I'm trying to understand how one can calculate pressure, density and temperature of the atmosphere as a function of altitude.
My assumptions are mostly sourced from https://en.wikipedia.org/wiki/Lapse_rate and https://en.wikipedia.org/wiki/Barometric_formula#Derivation. However, on these pages, there seems to be a little vagueness regarding what parameters are being held constant so I shall write them out explicitly here with dependence on height $z$ where appropriate:
1) Air is an ideal gas so $P(z)M = \rho(z)RT(z)$.
2) The pressure is hydrostatic i.e. $dP(z) = -\rho(z) g dz$
3) There is some temperature lapse rate as a function of altitude and density of air $T(z) = f(z, \rho(z))$. This allows me to take into account radiation and convection. Now, the Wikipedia page (https://en.wikipedia.org/wiki/Lapse_rate) treats $\rho$ as a constant and then assumes that air behaves like an adiabatic gas when it expands due to heat to obtain a valid expression for T(z). That seems incorrect though as density clearly does change with altitude.
4) It's not clear if I can obtain $\rho(z)$ from some other consideration independently.
Are there good tricks/reasonable physical assumptions to solve and obtain all three variables as a function of $z$?
EDIT: The constant density assumption is what I'm having trouble with. Why should this be true and if not, what is the way to obtain it (at least to some first order where we ignore temperature lapse)?
Best Answer
Heat transport in the lower atmosphere is predominantly convective, at least in daytime. (Convection abates after the ground has cooled off at night.) Up- and downdrafts do not exchange much energy, so it is a good approximation to assume that their expansion and compression are adiabatic.

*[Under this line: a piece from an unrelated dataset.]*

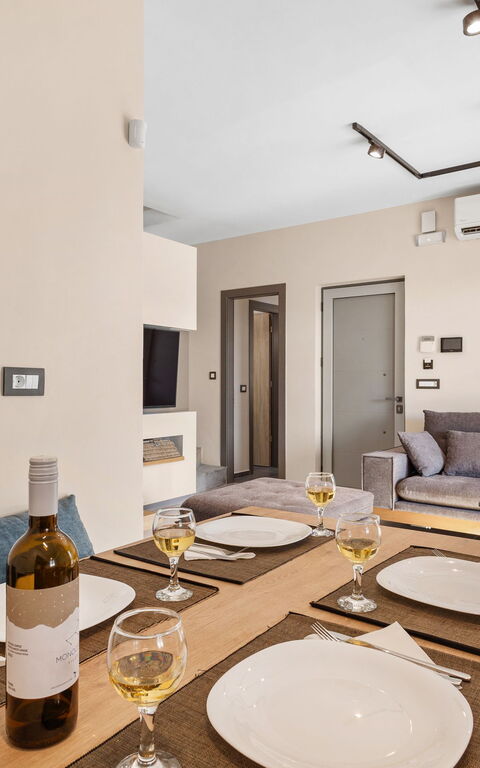 Villa Melia: Lunchroom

Adiabatic expansion of ideal gases is described by $P\sim {{\rho }^{\gamma }}$, where $\gamma \equiv {{C}_{P}}/{{C}_{V}}=7/5$ for dry air. It follows that $P\sim {{T}^{7/2}}$ and $\rho \sim {{T}^{5/2}}$. Combining these rules with the equation of hydrostatic equilibrium, $dP/dz=-g\rho$, and the ideal gas law, $RT=PV=Pm/\rho$, we find a constant lapse rate: $dT/dz=-\tfrac{\gamma -1}{\gamma }mg/R=$ -9.8 deg/km, where m = 29 g/mol. But this value exaggerates the measured average temperature profile.
The International Standard Atmosphere use in aero engineering has $dT/dz=$ -6.5 deg/km, consistent with $\gamma$ = 1.26, from sea level up to 11 km, a good approximation at mid-latitudes. You may use $$\begin{align} & T(z)=290K-(6.5\tfrac{\deg }{\text{km}})z \\ & P(z)/P(0)={{[T(z)/T(0)]}^{1.26/0.26}} \\ & \rho (z)/\rho (0)={{[T(z)/T(0)]}^{1.00/0.26}} \\ \end{align}$$ In most climes, however, the air is not so dry. On a muggy day with a dew point of 20°C, the partial pressure of water vapor will be 17.5 out of 760 torr. That’s 2.30% by molar content or 1.43% by weight. When a buoyant blob of air ascends, it will initially cool off at 9.8 deg/km, but when its temperature reaches the dew point, the water vapor will begin to condense, usually onto particulate nuclei. (Caveat: Very clean air can become supersaturated. Surface tension acts as an obstacle to the formation of fog droplets from scratch.) At this temperature, water releases about 585 cal/g as it condenses. Given the slope of its vapor pressure curve, about 1.1 torr/deg at 20°C, condensation will roughly triple the heat capacity of saturated air, reducing $\gamma$ and the lapse rate until the air has dried out. The effect is even greater in tropical climes, where the altitude of the tropopause can be as high as 17.5 km.